## [Task objective]
Among the entries below, how many lines include "секция"? Give the number alone.

## [Task inputs]
----------
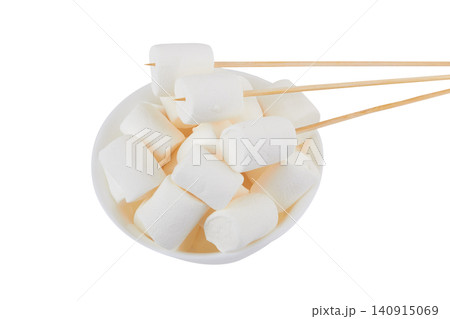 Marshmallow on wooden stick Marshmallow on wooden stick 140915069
----------
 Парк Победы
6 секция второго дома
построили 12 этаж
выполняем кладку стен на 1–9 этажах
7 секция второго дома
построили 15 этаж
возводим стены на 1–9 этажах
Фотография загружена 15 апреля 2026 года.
----------
## [Solution for this exercise]
2